§ Aim of the task: Below, some lines carry pictures; leave those pictures out and retype exactly the lines from the one with "Travesty artist Olivia" through the one with "Linked Items - Lists".

§ Extracted entries:
● ● ● ● ●

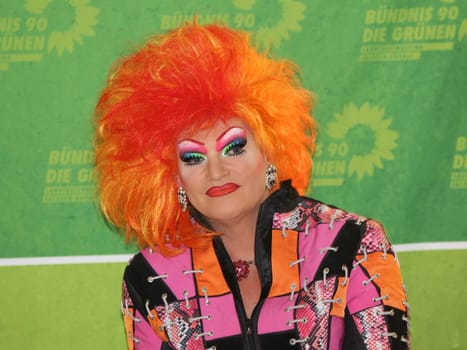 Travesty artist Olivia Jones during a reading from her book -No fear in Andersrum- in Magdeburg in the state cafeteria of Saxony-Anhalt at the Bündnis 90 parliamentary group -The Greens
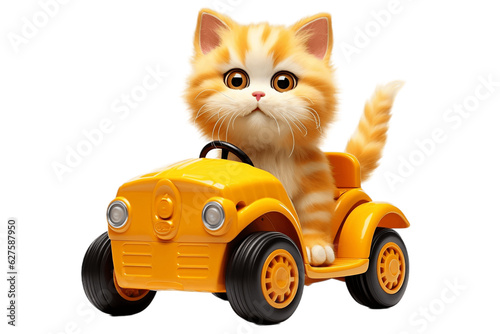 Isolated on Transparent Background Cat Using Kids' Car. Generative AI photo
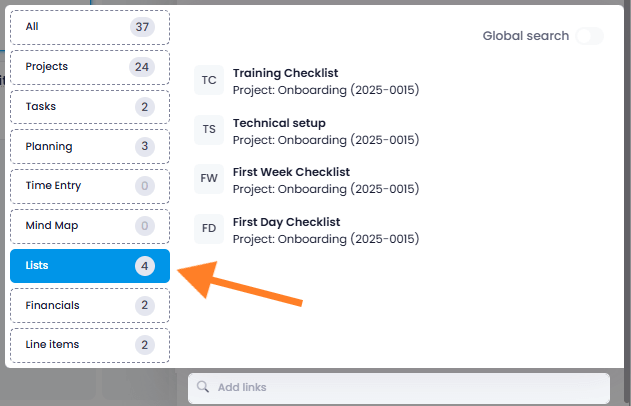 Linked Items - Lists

● ● ● ● ●

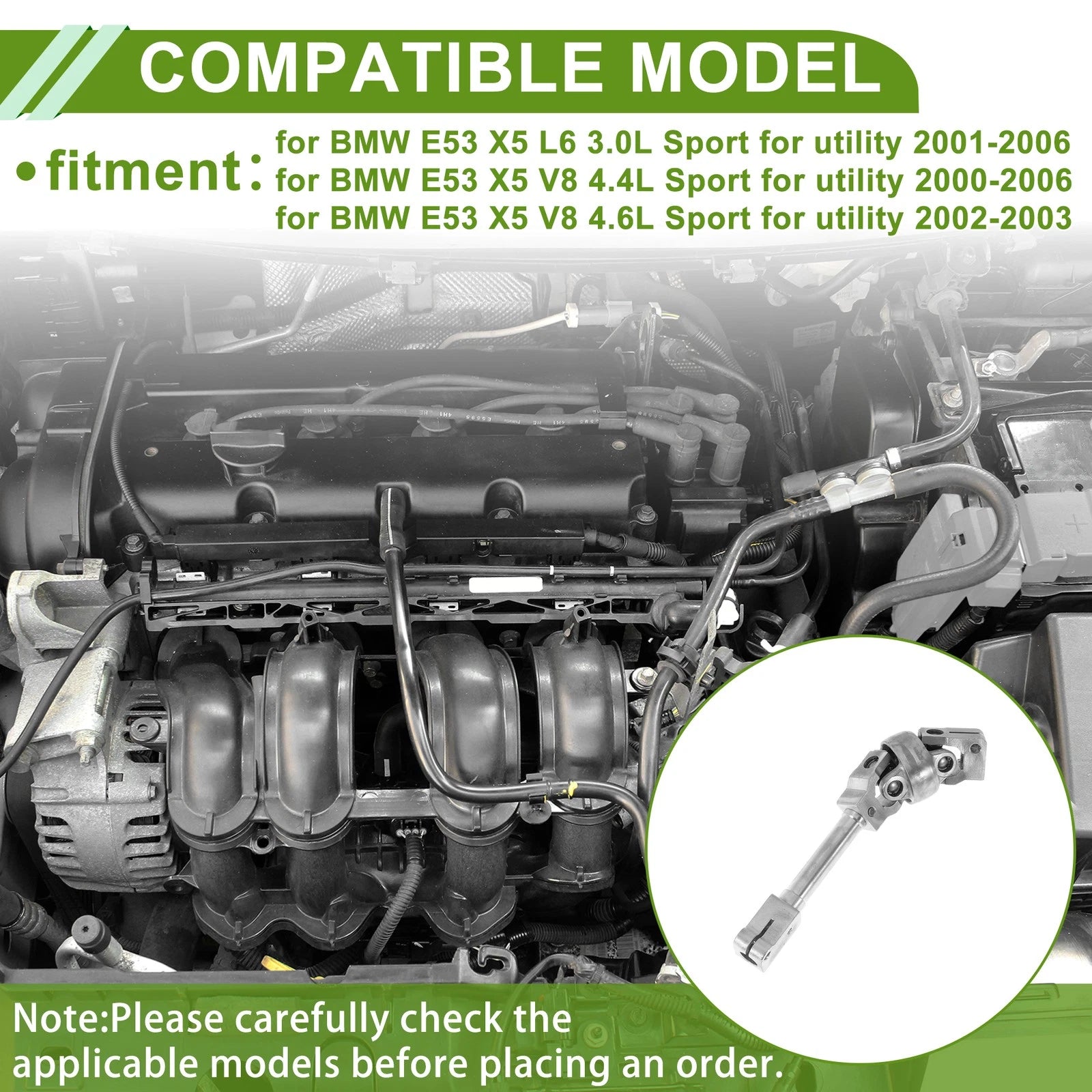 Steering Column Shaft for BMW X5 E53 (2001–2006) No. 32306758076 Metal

● ● ● ● ●

§ Finished exercise:
 Travesty artist Olivia Jones during a reading from her book -No fear in Andersrum- in Magdeburg in the state cafeteria of Saxony-Anhalt at the Bündnis 90 parliamentary group -The Greens
 Isolated on Transparent Background Cat Using Kids' Car. Generative AI photo
 Linked Items - Lists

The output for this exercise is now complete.